─── Material shown ───
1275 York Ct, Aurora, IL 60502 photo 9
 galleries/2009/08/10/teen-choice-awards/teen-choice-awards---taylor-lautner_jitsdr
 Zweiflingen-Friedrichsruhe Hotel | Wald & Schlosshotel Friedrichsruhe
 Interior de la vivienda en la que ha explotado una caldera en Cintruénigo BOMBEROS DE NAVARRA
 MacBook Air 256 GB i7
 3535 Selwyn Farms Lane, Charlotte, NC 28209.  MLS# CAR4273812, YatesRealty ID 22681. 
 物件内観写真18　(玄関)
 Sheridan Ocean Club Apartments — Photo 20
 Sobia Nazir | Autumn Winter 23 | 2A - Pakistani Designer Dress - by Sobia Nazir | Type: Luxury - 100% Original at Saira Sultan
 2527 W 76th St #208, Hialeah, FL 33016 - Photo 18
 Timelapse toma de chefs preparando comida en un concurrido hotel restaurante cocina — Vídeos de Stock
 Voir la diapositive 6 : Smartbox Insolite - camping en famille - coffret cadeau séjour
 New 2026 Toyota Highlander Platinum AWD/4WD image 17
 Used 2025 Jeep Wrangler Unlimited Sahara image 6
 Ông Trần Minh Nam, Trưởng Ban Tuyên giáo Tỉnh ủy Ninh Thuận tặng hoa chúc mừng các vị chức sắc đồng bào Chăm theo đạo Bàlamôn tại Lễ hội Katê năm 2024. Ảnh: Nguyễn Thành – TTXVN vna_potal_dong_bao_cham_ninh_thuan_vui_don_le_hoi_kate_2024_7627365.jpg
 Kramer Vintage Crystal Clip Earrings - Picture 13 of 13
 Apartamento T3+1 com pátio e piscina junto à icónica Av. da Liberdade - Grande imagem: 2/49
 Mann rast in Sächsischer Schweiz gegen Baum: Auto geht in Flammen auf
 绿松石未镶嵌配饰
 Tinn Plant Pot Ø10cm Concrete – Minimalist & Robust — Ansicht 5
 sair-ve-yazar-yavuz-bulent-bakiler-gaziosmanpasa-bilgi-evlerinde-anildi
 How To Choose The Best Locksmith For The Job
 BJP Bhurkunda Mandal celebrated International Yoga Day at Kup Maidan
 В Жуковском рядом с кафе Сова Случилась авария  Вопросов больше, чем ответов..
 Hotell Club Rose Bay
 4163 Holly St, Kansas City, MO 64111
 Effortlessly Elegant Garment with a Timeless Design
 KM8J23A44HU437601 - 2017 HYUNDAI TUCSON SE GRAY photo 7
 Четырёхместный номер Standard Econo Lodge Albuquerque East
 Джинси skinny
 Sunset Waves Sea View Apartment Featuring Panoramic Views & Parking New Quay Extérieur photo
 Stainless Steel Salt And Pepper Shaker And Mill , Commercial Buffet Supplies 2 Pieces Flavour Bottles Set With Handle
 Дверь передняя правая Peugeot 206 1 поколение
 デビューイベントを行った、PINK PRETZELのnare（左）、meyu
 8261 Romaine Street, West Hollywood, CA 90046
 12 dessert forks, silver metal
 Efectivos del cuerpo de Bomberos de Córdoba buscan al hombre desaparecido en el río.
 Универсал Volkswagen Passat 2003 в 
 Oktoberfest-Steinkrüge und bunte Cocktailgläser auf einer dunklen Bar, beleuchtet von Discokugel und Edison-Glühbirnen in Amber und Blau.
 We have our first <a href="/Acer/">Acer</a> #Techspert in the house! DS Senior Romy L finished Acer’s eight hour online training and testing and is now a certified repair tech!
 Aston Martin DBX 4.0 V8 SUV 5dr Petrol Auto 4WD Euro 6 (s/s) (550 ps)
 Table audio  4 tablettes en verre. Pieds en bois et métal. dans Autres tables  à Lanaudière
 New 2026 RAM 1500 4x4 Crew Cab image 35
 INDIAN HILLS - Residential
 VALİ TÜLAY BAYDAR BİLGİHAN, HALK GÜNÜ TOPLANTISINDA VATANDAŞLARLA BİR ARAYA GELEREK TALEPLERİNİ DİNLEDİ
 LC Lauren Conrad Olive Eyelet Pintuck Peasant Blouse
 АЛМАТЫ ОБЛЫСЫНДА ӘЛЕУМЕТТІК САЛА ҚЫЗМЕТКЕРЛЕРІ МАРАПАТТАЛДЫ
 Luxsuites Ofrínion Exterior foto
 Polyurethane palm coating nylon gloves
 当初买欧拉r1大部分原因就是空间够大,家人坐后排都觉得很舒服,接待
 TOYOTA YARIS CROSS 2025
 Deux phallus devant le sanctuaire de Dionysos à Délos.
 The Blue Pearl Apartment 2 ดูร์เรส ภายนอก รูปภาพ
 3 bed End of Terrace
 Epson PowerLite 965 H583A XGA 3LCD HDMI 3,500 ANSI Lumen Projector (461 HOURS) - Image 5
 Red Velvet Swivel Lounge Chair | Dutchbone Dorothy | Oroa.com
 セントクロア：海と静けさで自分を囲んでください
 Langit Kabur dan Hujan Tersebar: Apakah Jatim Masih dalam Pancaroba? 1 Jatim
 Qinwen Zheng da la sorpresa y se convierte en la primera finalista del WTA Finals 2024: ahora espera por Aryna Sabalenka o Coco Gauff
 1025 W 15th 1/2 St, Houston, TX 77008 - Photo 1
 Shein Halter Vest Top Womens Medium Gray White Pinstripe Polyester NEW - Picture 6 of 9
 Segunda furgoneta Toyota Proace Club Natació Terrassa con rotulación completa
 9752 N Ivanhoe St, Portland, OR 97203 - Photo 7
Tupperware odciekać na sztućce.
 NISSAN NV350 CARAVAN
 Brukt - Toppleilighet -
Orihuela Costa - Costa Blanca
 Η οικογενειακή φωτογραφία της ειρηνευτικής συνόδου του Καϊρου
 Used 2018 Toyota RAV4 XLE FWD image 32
───
**The task**
Word for word, copy out the data.

**Solution to the problem**
1275 York Ct, Aurora, IL 60502 photo 9
 galleries/2009/08/10/teen-choice-awards/teen-choice-awards---taylor-lautner_jitsdr
 Zweiflingen-Friedrichsruhe Hotel | Wald & Schlosshotel Friedrichsruhe
 Interior de la vivienda en la que ha explotado una caldera en Cintruénigo BOMBEROS DE NAVARRA
 MacBook Air 256 GB i7
 3535 Selwyn Farms Lane, Charlotte, NC 28209.  MLS# CAR4273812, YatesRealty ID 22681. 
 物件内観写真18　(玄関)
 Sheridan Ocean Club Apartments — Photo 20
 Sobia Nazir | Autumn Winter 23 | 2A - Pakistani Designer Dress - by Sobia Nazir | Type: Luxury - 100% Original at Saira Sultan
 2527 W 76th St #208, Hialeah, FL 33016 - Photo 18
 Timelapse toma de chefs preparando comida en un concurrido hotel restaurante cocina — Vídeos de Stock
 Voir la diapositive 6 : Smartbox Insolite - camping en famille - coffret cadeau séjour
 New 2026 Toyota Highlander Platinum AWD/4WD image 17
 Used 2025 Jeep Wrangler Unlimited Sahara image 6
 Ông Trần Minh Nam, Trưởng Ban Tuyên giáo Tỉnh ủy Ninh Thuận tặng hoa chúc mừng các vị chức sắc đồng bào Chăm theo đạo Bàlamôn tại Lễ hội Katê năm 2024. Ảnh: Nguyễn Thành – TTXVN vna_potal_dong_bao_cham_ninh_thuan_vui_don_le_hoi_kate_2024_7627365.jpg
 Kramer Vintage Crystal Clip Earrings - Picture 13 of 13
 Apartamento T3+1 com pátio e piscina junto à icónica Av. da Liberdade - Grande imagem: 2/49
 Mann rast in Sächsischer Schweiz gegen Baum: Auto geht in Flammen auf
 绿松石未镶嵌配饰
 Tinn Plant Pot Ø10cm Concrete – Minimalist & Robust — Ansicht 5
 sair-ve-yazar-yavuz-bulent-bakiler-gaziosmanpasa-bilgi-evlerinde-anildi
 How To Choose The Best Locksmith For The Job
 BJP Bhurkunda Mandal celebrated International Yoga Day at Kup Maidan
 В Жуковском рядом с кафе Сова Случилась авария  Вопросов больше, чем ответов..
 Hotell Club Rose Bay
 4163 Holly St, Kansas City, MO 64111
 Effortlessly Elegant Garment with a Timeless Design
 KM8J23A44HU437601 - 2017 HYUNDAI TUCSON SE GRAY photo 7
 Четырёхместный номер Standard Econo Lodge Albuquerque East
 Джинси skinny
 Sunset Waves Sea View Apartment Featuring Panoramic Views & Parking New Quay Extérieur photo
 Stainless Steel Salt And Pepper Shaker And Mill , Commercial Buffet Supplies 2 Pieces Flavour Bottles Set With Handle
 Дверь передняя правая Peugeot 206 1 поколение
 デビューイベントを行った、PINK PRETZELのnare（左）、meyu
 8261 Romaine Street, West Hollywood, CA 90046
 12 dessert forks, silver metal
 Efectivos del cuerpo de Bomberos de Córdoba buscan al hombre desaparecido en el río.
 Универсал Volkswagen Passat 2003 в 
 Oktoberfest-Steinkrüge und bunte Cocktailgläser auf einer dunklen Bar, beleuchtet von Discokugel und Edison-Glühbirnen in Amber und Blau.
 We have our first <a href="/Acer/">Acer</a> #Techspert in the house! DS Senior Romy L finished Acer’s eight hour online training and testing and is now a certified repair tech!
 Aston Martin DBX 4.0 V8 SUV 5dr Petrol Auto 4WD Euro 6 (s/s) (550 ps)
 Table audio  4 tablettes en verre. Pieds en bois et métal. dans Autres tables  à Lanaudière
 New 2026 RAM 1500 4x4 Crew Cab image 35
 INDIAN HILLS - Residential
 VALİ TÜLAY BAYDAR BİLGİHAN, HALK GÜNÜ TOPLANTISINDA VATANDAŞLARLA BİR ARAYA GELEREK TALEPLERİNİ DİNLEDİ
 LC Lauren Conrad Olive Eyelet Pintuck Peasant Blouse
 АЛМАТЫ ОБЛЫСЫНДА ӘЛЕУМЕТТІК САЛА ҚЫЗМЕТКЕРЛЕРІ МАРАПАТТАЛДЫ
 Luxsuites Ofrínion Exterior foto
 Polyurethane palm coating nylon gloves
 当初买欧拉r1大部分原因就是空间够大,家人坐后排都觉得很舒服,接待
 TOYOTA YARIS CROSS 2025
 Deux phallus devant le sanctuaire de Dionysos à Délos.
 The Blue Pearl Apartment 2 ดูร์เรส ภายนอก รูปภาพ
 3 bed End of Terrace
 Epson PowerLite 965 H583A XGA 3LCD HDMI 3,500 ANSI Lumen Projector (461 HOURS) - Image 5
 Red Velvet Swivel Lounge Chair | Dutchbone Dorothy | Oroa.com
 セントクロア：海と静けさで自分を囲んでください
 Langit Kabur dan Hujan Tersebar: Apakah Jatim Masih dalam Pancaroba? 1 Jatim
 Qinwen Zheng da la sorpresa y se convierte en la primera finalista del WTA Finals 2024: ahora espera por Aryna Sabalenka o Coco Gauff
 1025 W 15th 1/2 St, Houston, TX 77008 - Photo 1
 Shein Halter Vest Top Womens Medium Gray White Pinstripe Polyester NEW - Picture 6 of 9
 Segunda furgoneta Toyota Proace Club Natació Terrassa con rotulación completa
 9752 N Ivanhoe St, Portland, OR 97203 - Photo 7
Tupperware odciekać na sztućce.
 NISSAN NV350 CARAVAN
 Brukt - Toppleilighet -
Orihuela Costa - Costa Blanca
 Η οικογενειακή φωτογραφία της ειρηνευτικής συνόδου του Καϊρου
 Used 2018 Toyota RAV4 XLE FWD image 32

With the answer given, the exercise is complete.